Owen jogged toward the book laying face up in front of one of the end caps. Ink had already beat him to it and sat swiping at the spine with his paw. Owen scratched him between the ears before he held up the paperback, revealing one of Florence’s favorite magical realism novels about the Flores sisters—three witches in a small Appalachian town.

“I know what you’re doing,” she murmured under her breath to the shop. The bell over the door tinkled in response, and it took everything in her to suppress her smile.

“What was that?” Owen asked.

“Just that I love that book,” she said.

“Then I’m definitely buying it.”

Her lips curled upward against her will as she went to meet him at the register.

“How was the house?” she asked.

“You couldn’t even tell it burned.”

Florence worried at her lip. Evie, eternal optimist that she was, would probably take it as a sign that her efforts to break the curse had worked and there was nothing to worry about.

“And the festival?” Florence asked. “Is it still on?”

“The grounds seemed fine. The bees weren’t at all bothered when I went to check on them,” Owen said. “Though I hope Evie would’ve told me if she was planning to cancel. There aren’t any vacant rooms left in town, so I’ll be spending the night in my car, which is why I need reading material.” He held up the book.

Florence looked from Owen to the book and back to Owen. Something in her almost offered up a spot on her couch, but if Evie really was going to move forward with the festival, that would put Owen at Honeysuckle House on the thirteenth. She didn’t want to endanger him anymore than she already had.

“If I had a spare room …”

Owen held up his hands. “Oh no, I didn’t mean …” He shook his head. “If the car ends up not working, I can drive the hour to Knoxville and grab a room there.”

Florence flushed and rubbed at the back of her neck. “Maybe you should get a second book.

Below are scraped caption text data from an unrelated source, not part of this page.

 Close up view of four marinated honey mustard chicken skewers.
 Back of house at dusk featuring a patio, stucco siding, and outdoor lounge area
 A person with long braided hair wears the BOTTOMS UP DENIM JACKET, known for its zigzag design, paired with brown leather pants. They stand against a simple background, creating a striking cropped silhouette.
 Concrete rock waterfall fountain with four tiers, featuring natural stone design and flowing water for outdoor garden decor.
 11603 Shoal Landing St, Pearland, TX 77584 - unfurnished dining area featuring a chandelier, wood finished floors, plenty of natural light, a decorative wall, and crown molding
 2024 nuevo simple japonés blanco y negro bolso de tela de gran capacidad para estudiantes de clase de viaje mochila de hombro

Just in case.”

“Not a bad idea,” Owen said. He did a quick turn toward the shop, when the lights winked on and off in the far corner. “What’s back there?”

Florence followed his gaze. It was past the children’s book section, where she most often found Clara disappearing when she came to visit the shop.

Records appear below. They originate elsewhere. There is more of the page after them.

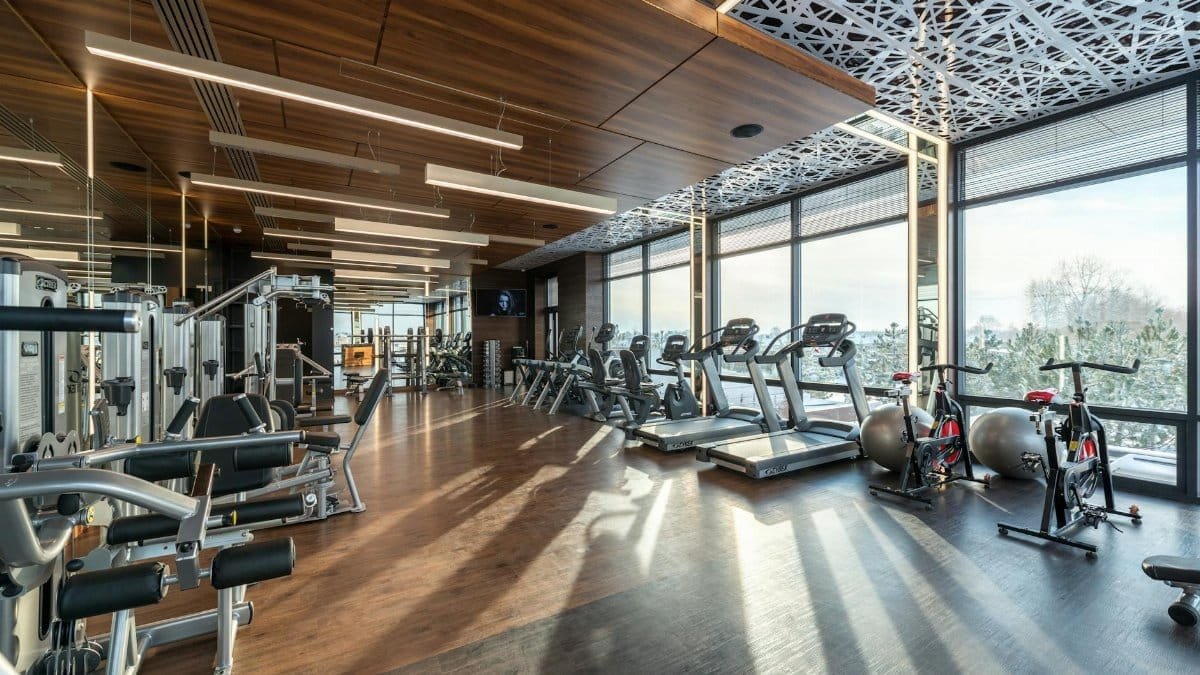 Spacious modern gym with treadmills, exercise bikes, and weights under natural lighting.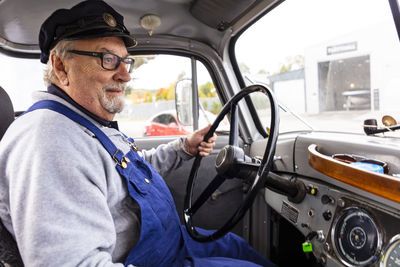 Senior man in vintage car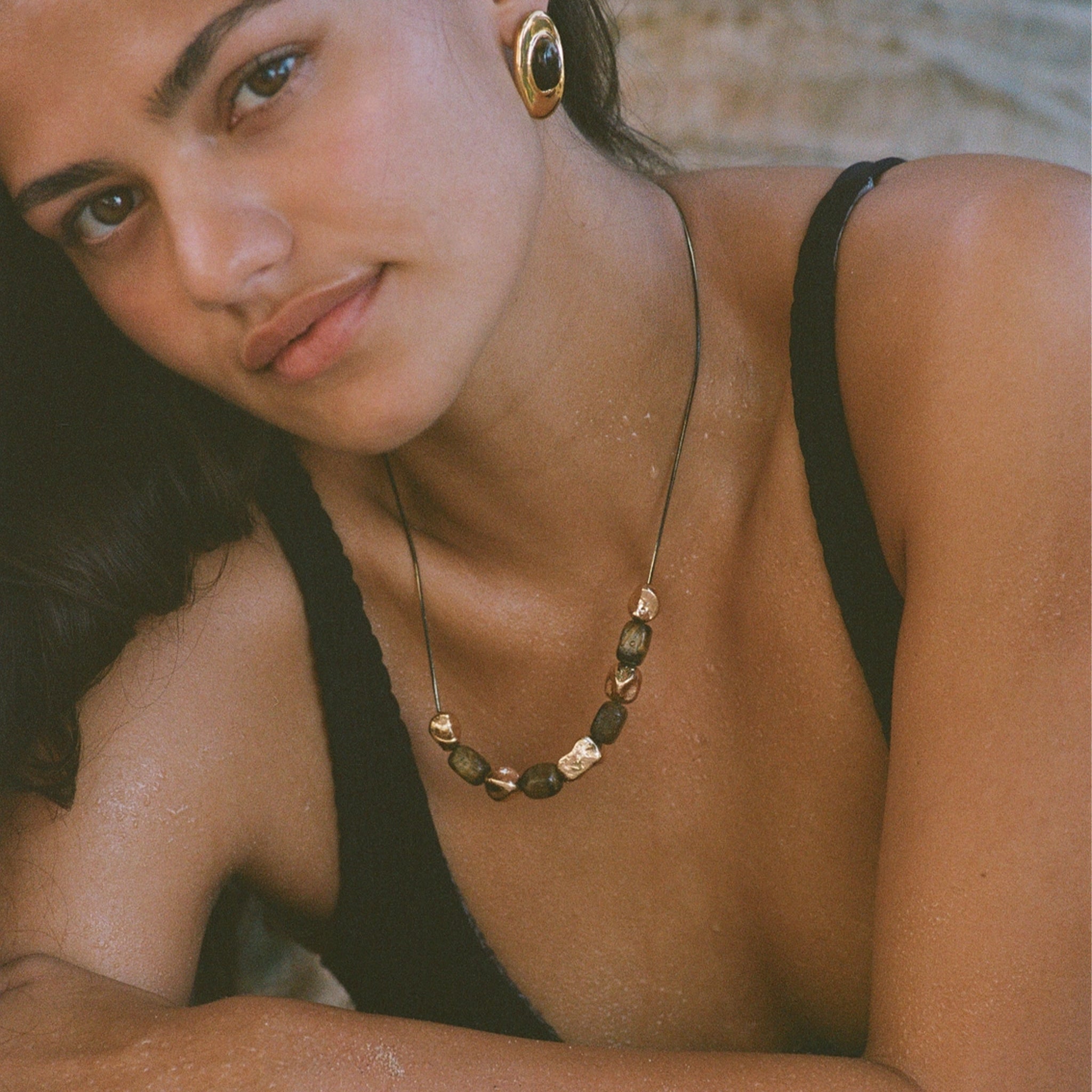 Necklace with green beads and gold accents on a person's neck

“Picture books,” Florence said.

This time, all the lights in the shop winked out except for those in the children’s corner, including the power to the register. Owen and Florence stared at each other in the dark, his pupils growing as he took her in. Florence was the first to break eye contact.

“I better go check the breaker,” she said, even though she knew the shop was up to something. “You can take the book and pay for it later.”